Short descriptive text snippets
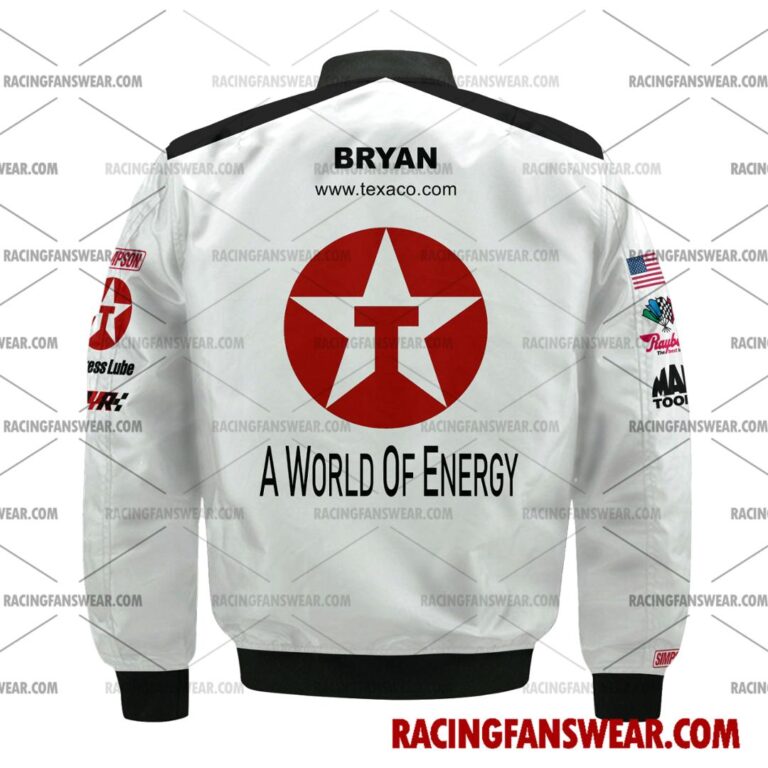 Nascar store - Loyal fans of Ricky Rudd's Bomber Jacket,Unisex Thick Coat,Unisex Sleeveless Hoodie,Unisex Hooded T-Shirt,Kid Sleeveless Hoodie,Kid Hooded T-Shirts,Kid Thick Coat:vintage nascar racing suit,uniform,apparel,shirts,merch,merchandise,jersey,hoodie,jackets,shorts,sweatshirt,outfits,clothes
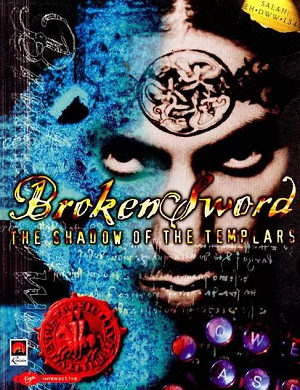 JUEGO-PC-BROKEN_SWORD1-COVER.png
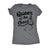  Queen Of The Chaos Womens T Shirt 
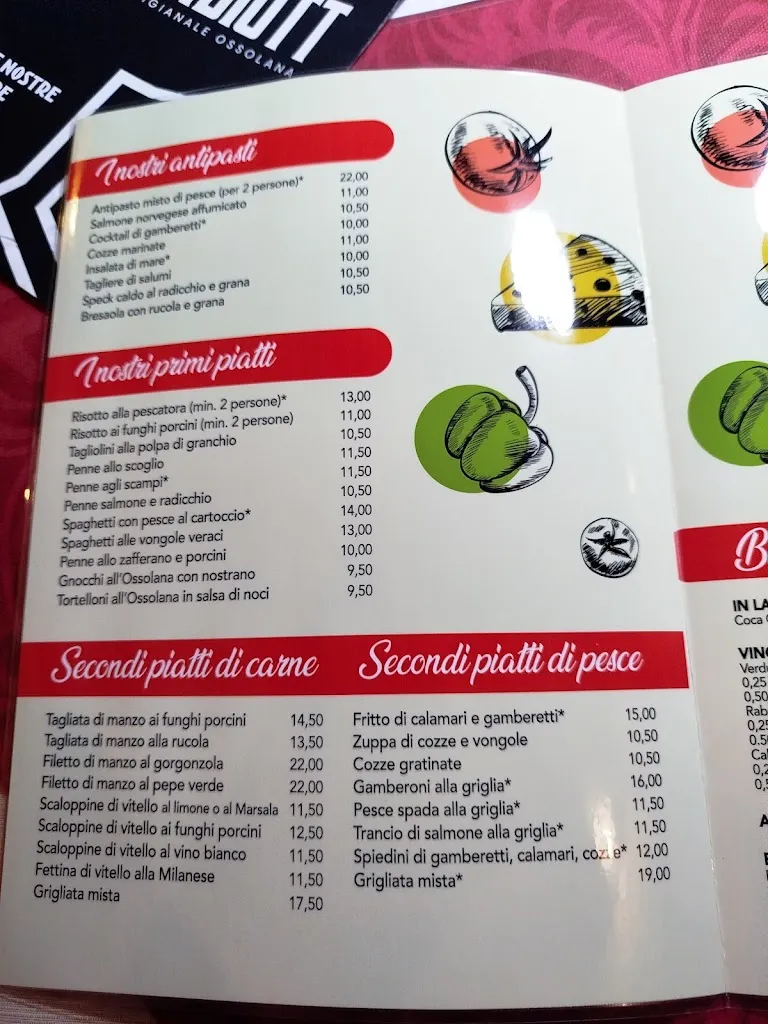 Menu_Il Barcantonio_Domodossola_image_3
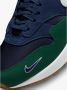 Nike Low-Top Sneakers Air Max 1 '87 Qs Sneakers in meerkleurig - Thumbnail 4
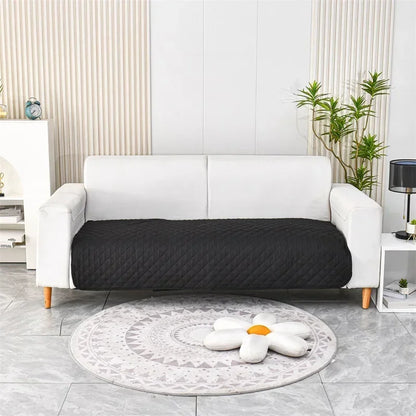 Capa Impermeável para Móveis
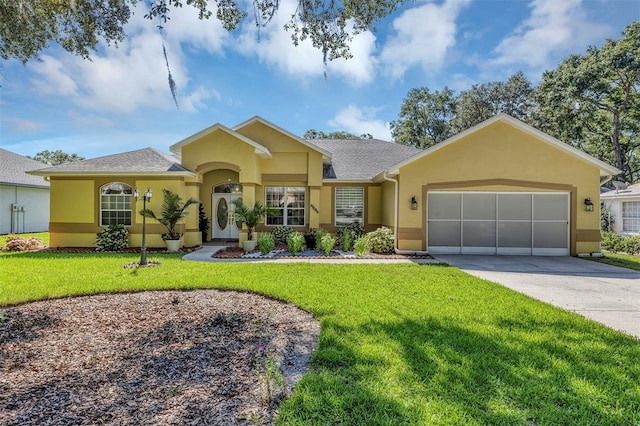 19686 SW 88th Loop, Dunnellon, FL 34432 - photo 2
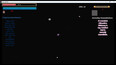 Screenshot #3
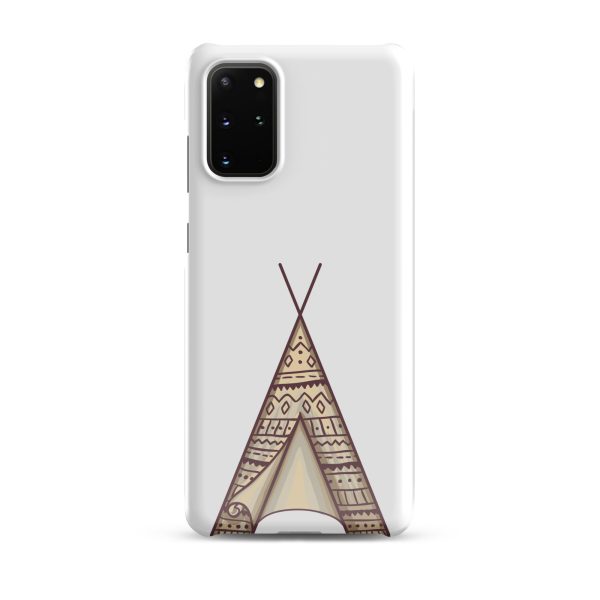 SnapMag Magnetic Case for Samsung - Image 6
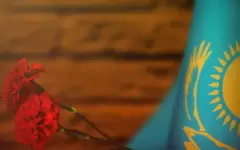 Сколько ветеранов живет в Казахстане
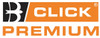 Click Premium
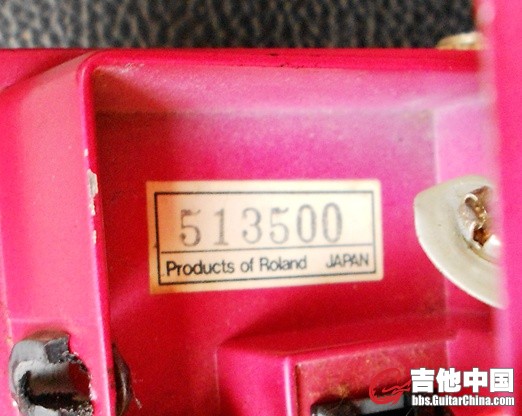 DSCN3615.JPG
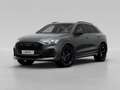 Audi RS Q8 performance tiptronic Grau - thumbnail 2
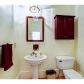 3531 Wynterset Drive, Snellville, GA 30039 ID:12152369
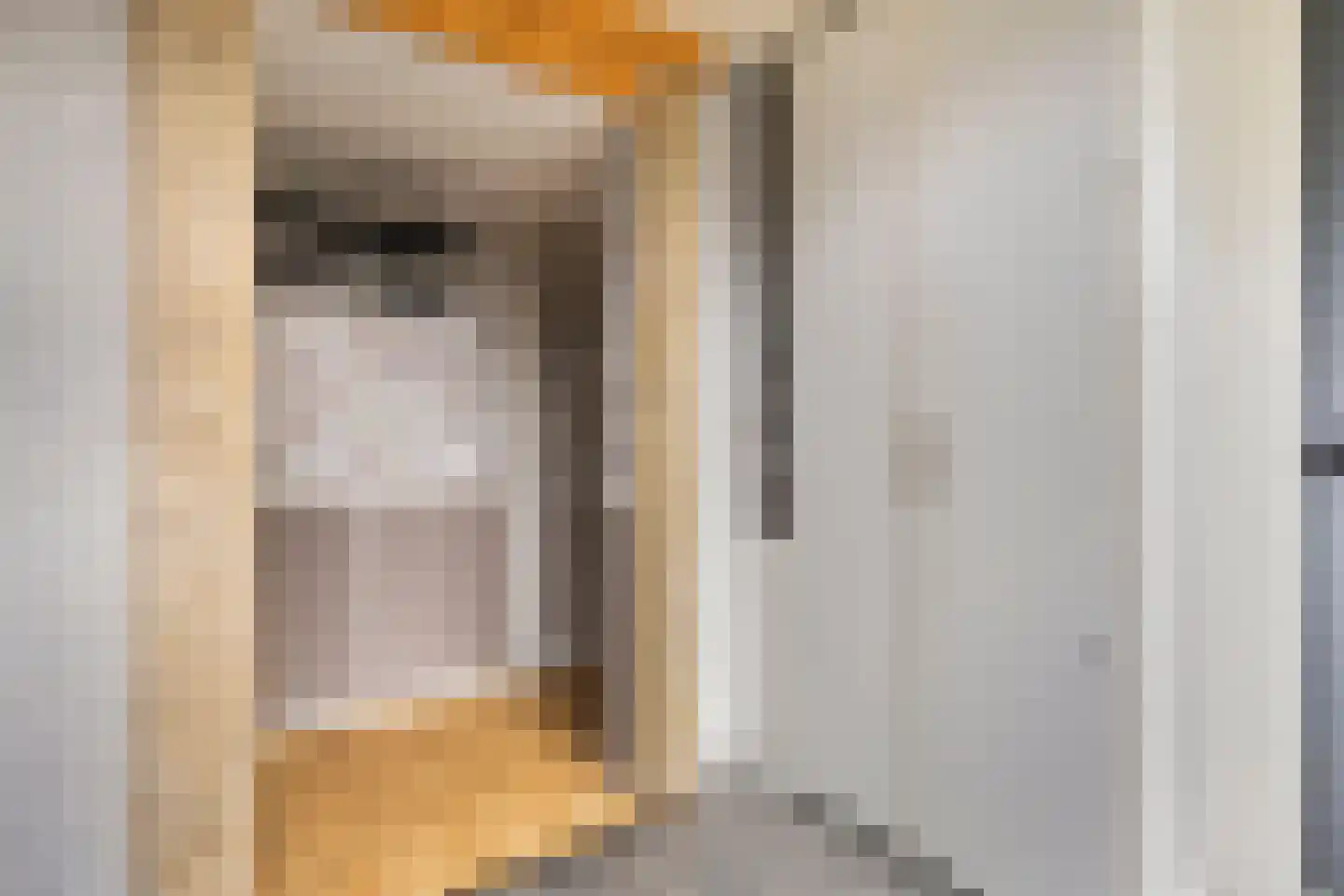 Noordkante 89 Oude Pekela thumbnail 8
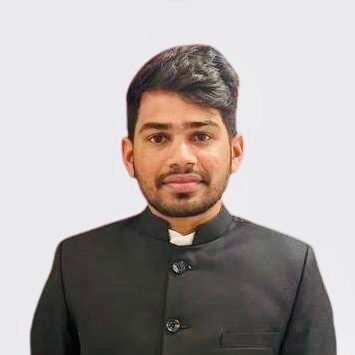 DR. NIRMAL YADAV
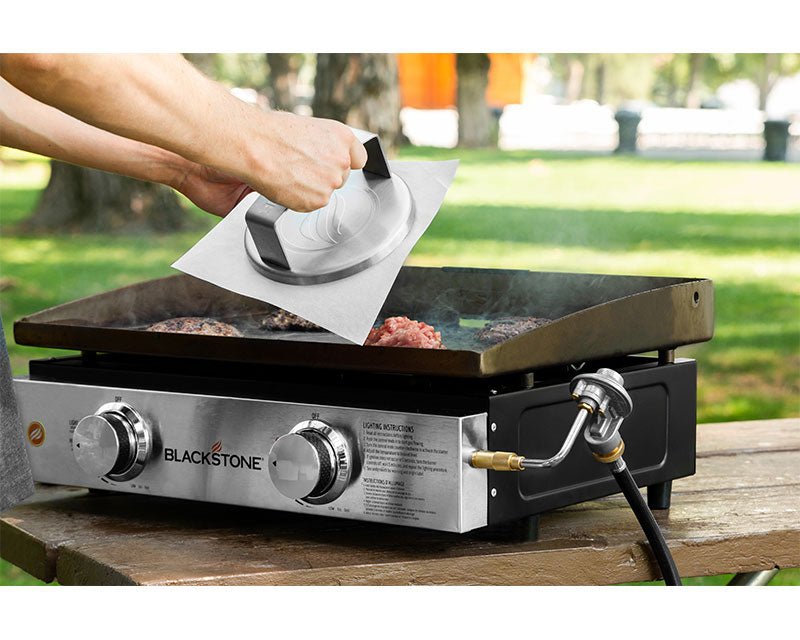 SILICONE BAKING PAPER SHEET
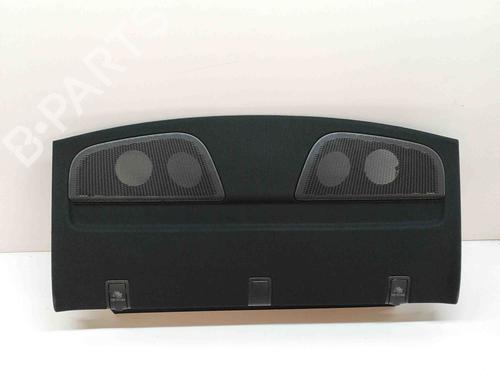 BP27769452C85 main image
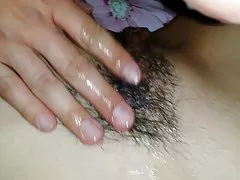 تقدیر در بیدمشک من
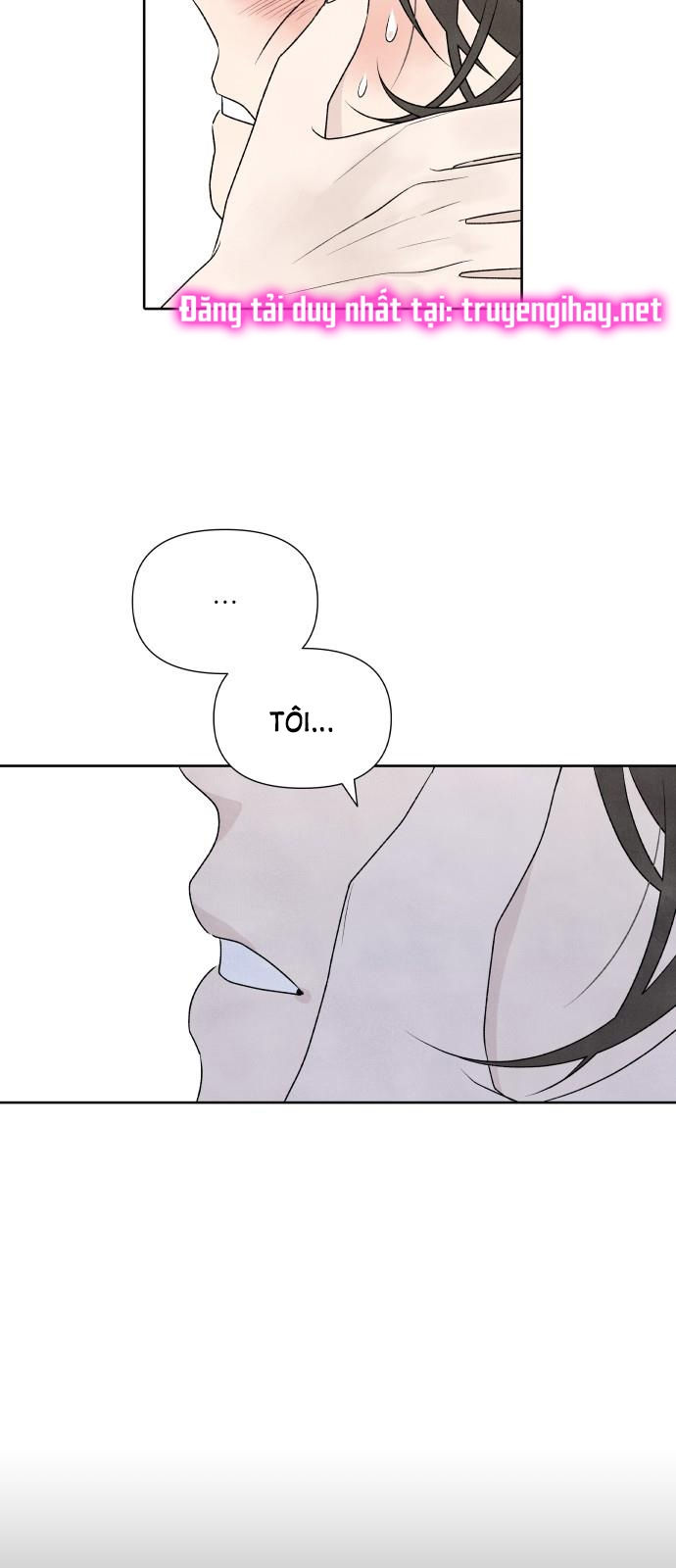 điều khiến tôi quyết tâm muốn chết chapter 17.1 26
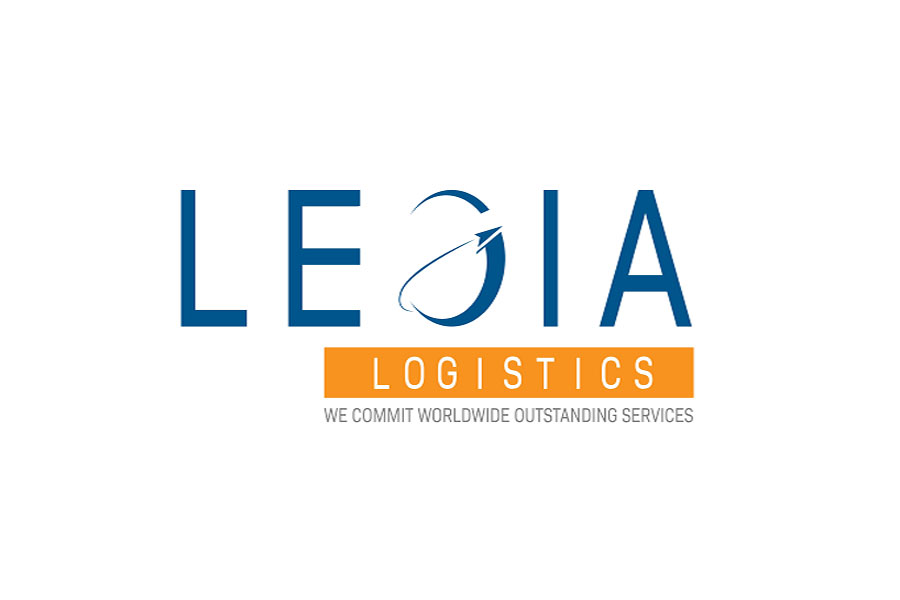 logo_legialogistics.jpg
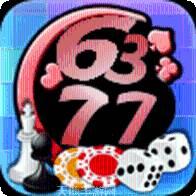6377棋牌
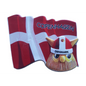 Rea!!!Copenhagen fridge magnet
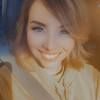 addiemae715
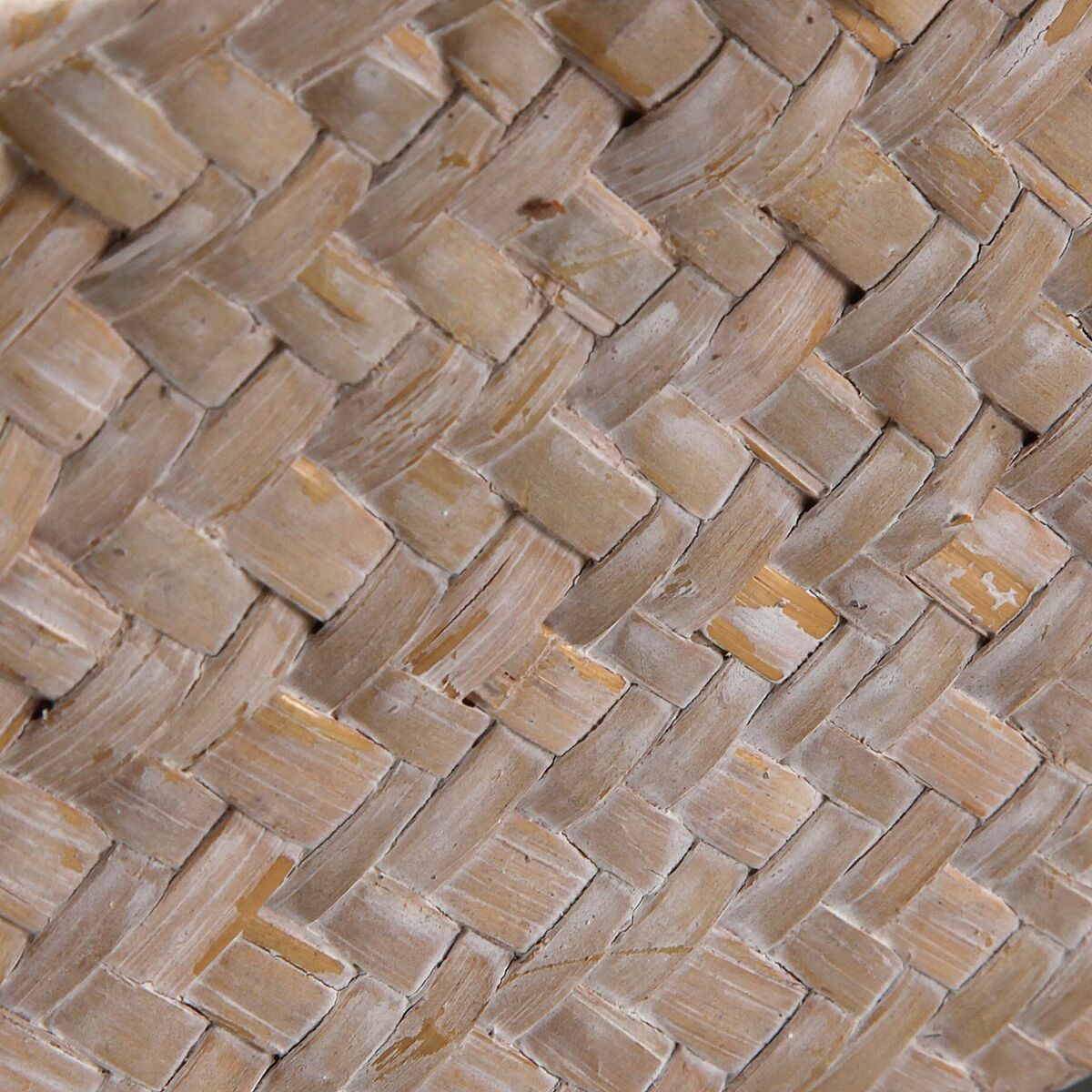 Juego de Cestas Versa 20 x 12 x 30 cm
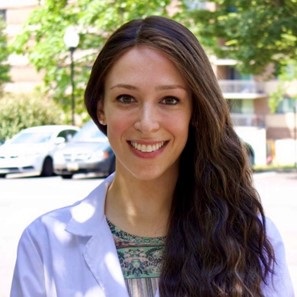 Tova Younger, MPAS, PA-C  Assistant Director of Didactic Education, Assistant Professor 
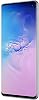SAMSUNG Galaxy S10 Smartphone – Germany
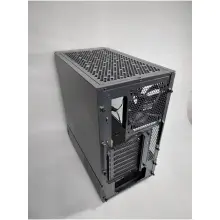 Купити Уцінка Корпус Thermaltake Ceres 300 TG ARGB Black (CA1Y200M1WN00PI005357) - фото 4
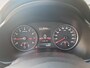 Kia Stonic 1.0T DynamicLine | Camera | Climate control | Apple Carplay / Android Auto | Cruise control | Parkeersensoren achter | Lichtmetalen velgen 16inch |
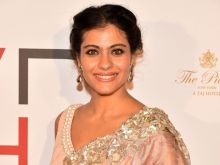 Kajol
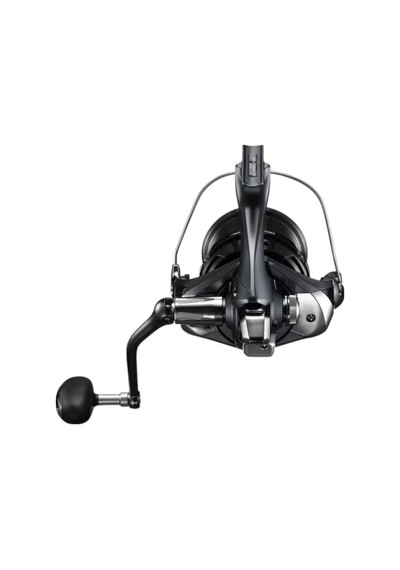 Aerlex Spod 14000 Xtc Surf Makinesi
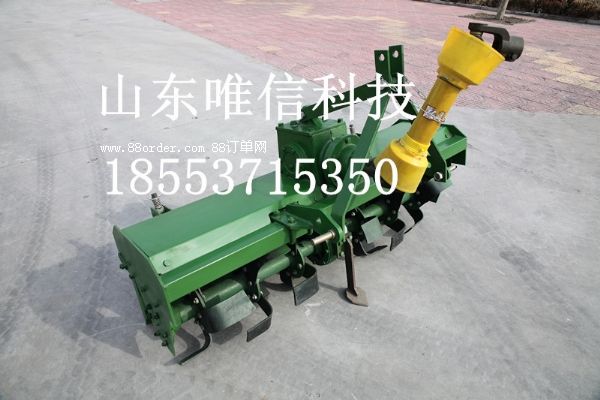 �����C(j��)��Ч��/���ܸ߈�(ji��n)������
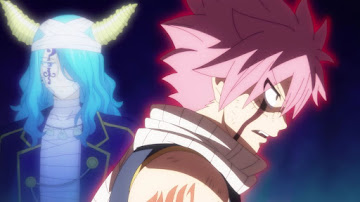 Fairy Tail: 100-nen Quest Sub Indo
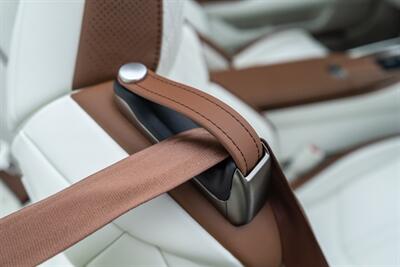 2026 Lexus LC 500 Convertible Inspiration Series   - Photo 51 - Nashville, TN 37217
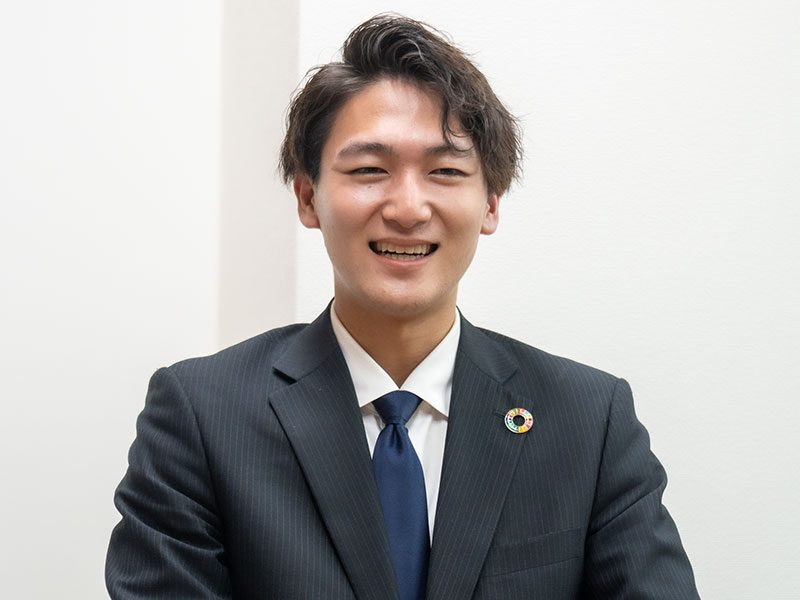さすがやサッポロファクトリー店の内観画像1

Required action
Could you write the entries out again exactly, without their pictures?

Response below
 Nascar store - Loyal fans of Ricky Rudd's Bomber Jacket,Unisex Thick Coat,Unisex Sleeveless Hoodie,Unisex Hooded T-Shirt,Kid Sleeveless Hoodie,Kid Hooded T-Shirts,Kid Thick Coat:vintage nascar racing suit,uniform,apparel,shirts,merch,merchandise,jersey,hoodie,jackets,shorts,sweatshirt,outfits,clothes
 JUEGO-PC-BROKEN_SWORD1-COVER.png
  Queen Of The Chaos Womens T Shirt 
 Menu_Il Barcantonio_Domodossola_image_3
 Nike Low-Top Sneakers Air Max 1 '87 Qs Sneakers in meerkleurig - Thumbnail 4
 Capa Impermeável para Móveis
 19686 SW 88th Loop, Dunnellon, FL 34432 - photo 2
 Screenshot #3
 SnapMag Magnetic Case for Samsung - Image 6
 Сколько ветеранов живет в Казахстане
 Click Premium
 DSCN3615.JPG
 Audi RS Q8 performance tiptronic Grau - thumbnail 2
 3531 Wynterset Drive, Snellville, GA 30039 ID:12152369
 Noordkante 89 Oude Pekela thumbnail 8
 DR. NIRMAL YADAV
 SILICONE BAKING PAPER SHEET
 BP27769452C85 main image
 تقدیر در بیدمشک من
 điều khiến tôi quyết tâm muốn chết chapter 17.1 26
 logo_legialogistics.jpg
6377棋牌
 Rea!!!Copenhagen fridge magnet
 addiemae715
 Juego de Cestas Versa 20 x 12 x 30 cm
 Tova Younger, MPAS, PA-C  Assistant Director of Didactic Education, Assistant Professor 
SAMSUNG Galaxy S10 Smartphone – Germany
 Купити Уцінка Корпус Thermaltake Ceres 300 TG ARGB Black (CA1Y200M1WN00PI005357) - фото 4
 Kia Stonic 1.0T DynamicLine | Camera | Climate control | Apple Carplay / Android Auto | Cruise control | Parkeersensoren achter | Lichtmetalen velgen 16inch |
 Kajol
 Aerlex Spod 14000 Xtc Surf Makinesi
 �����C(j��)��Ч��/���ܸ߈�(ji��n)������
 Fairy Tail: 100-nen Quest Sub Indo
 2026 Lexus LC 500 Convertible Inspiration Series   - Photo 51 - Nashville, TN 37217
さすがやサッポロファクトリー店の内観画像1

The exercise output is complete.